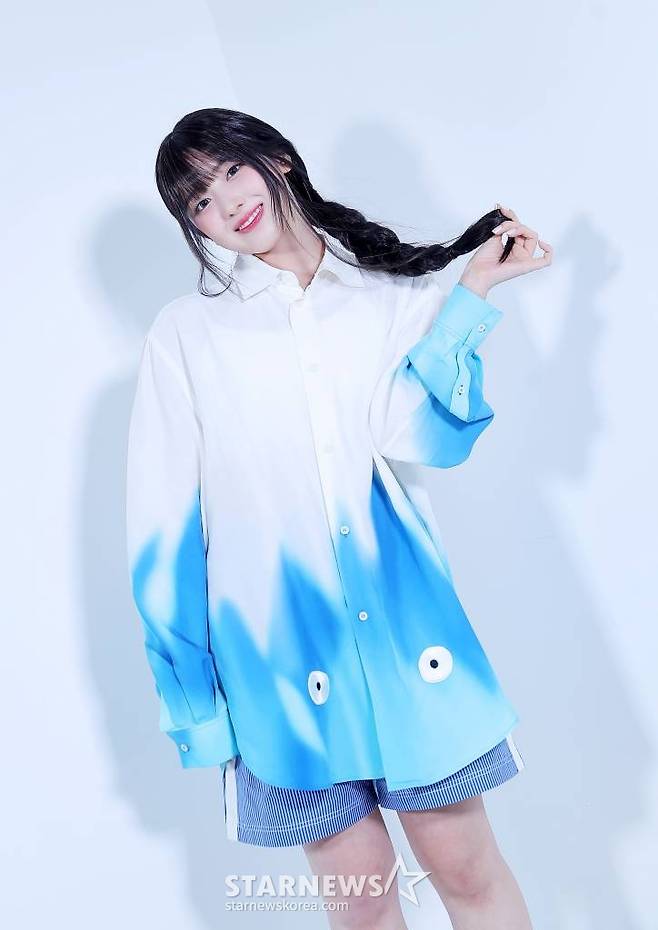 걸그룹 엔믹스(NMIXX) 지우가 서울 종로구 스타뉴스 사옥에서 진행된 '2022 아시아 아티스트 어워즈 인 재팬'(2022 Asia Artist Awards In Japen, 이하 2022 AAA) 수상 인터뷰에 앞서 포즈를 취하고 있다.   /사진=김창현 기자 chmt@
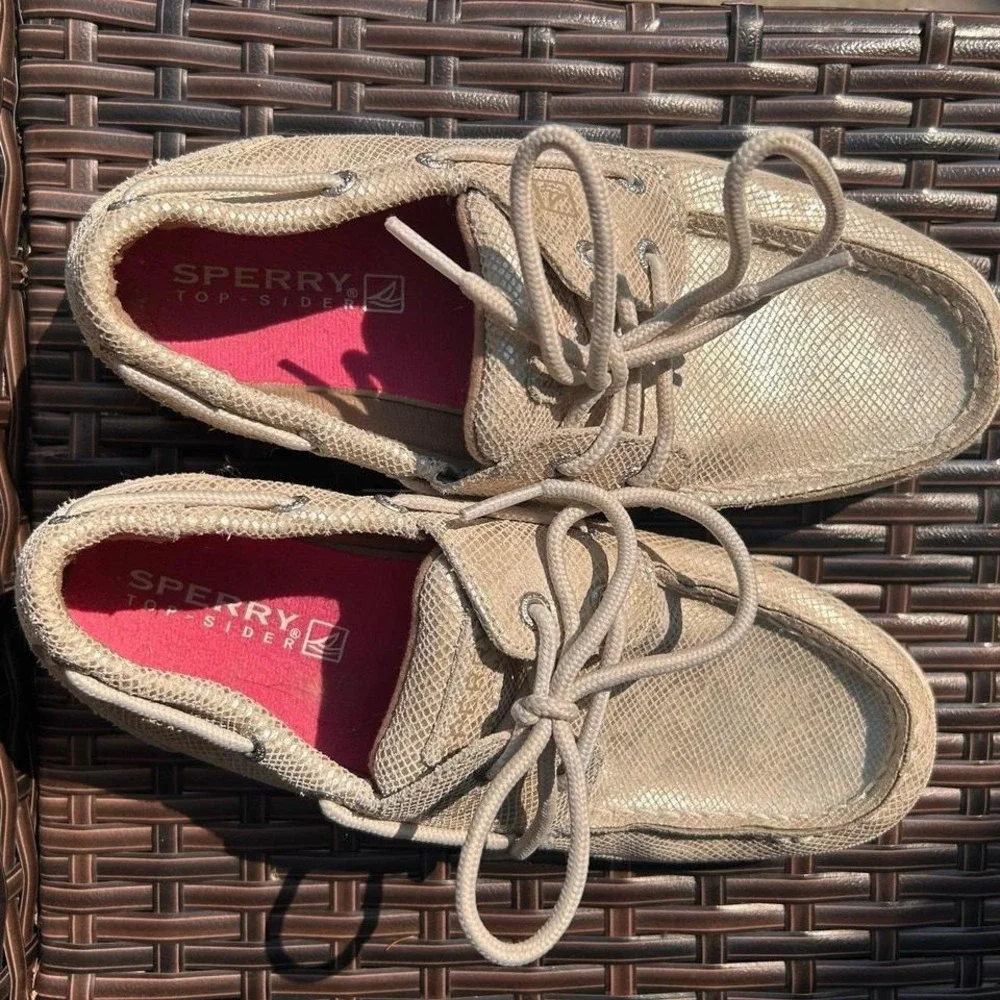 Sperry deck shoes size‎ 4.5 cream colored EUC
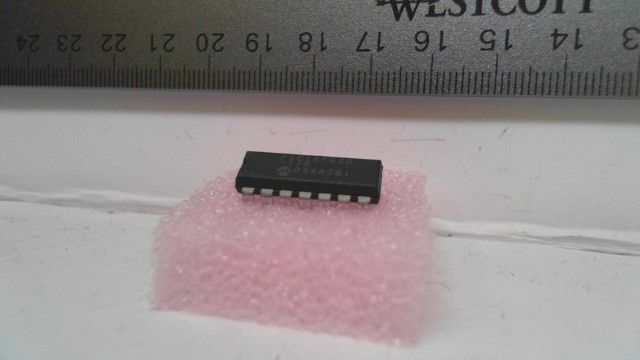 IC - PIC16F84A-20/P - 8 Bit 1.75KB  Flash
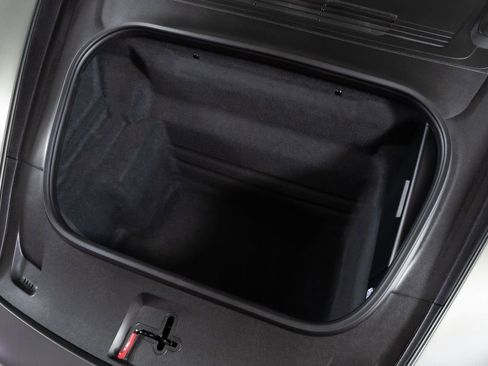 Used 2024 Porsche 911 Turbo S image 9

== Exercise instructions ==
Each line from the one containing "Sperry deck shoes" through the last line above should be retyped exactly, and no other line. Any picture is to be left out.

== Your response ==
 Sperry deck shoes size‎ 4.5 cream colored EUC
 IC - PIC16F84A-20/P - 8 Bit 1.75KB  Flash
 Used 2024 Porsche 911 Turbo S image 9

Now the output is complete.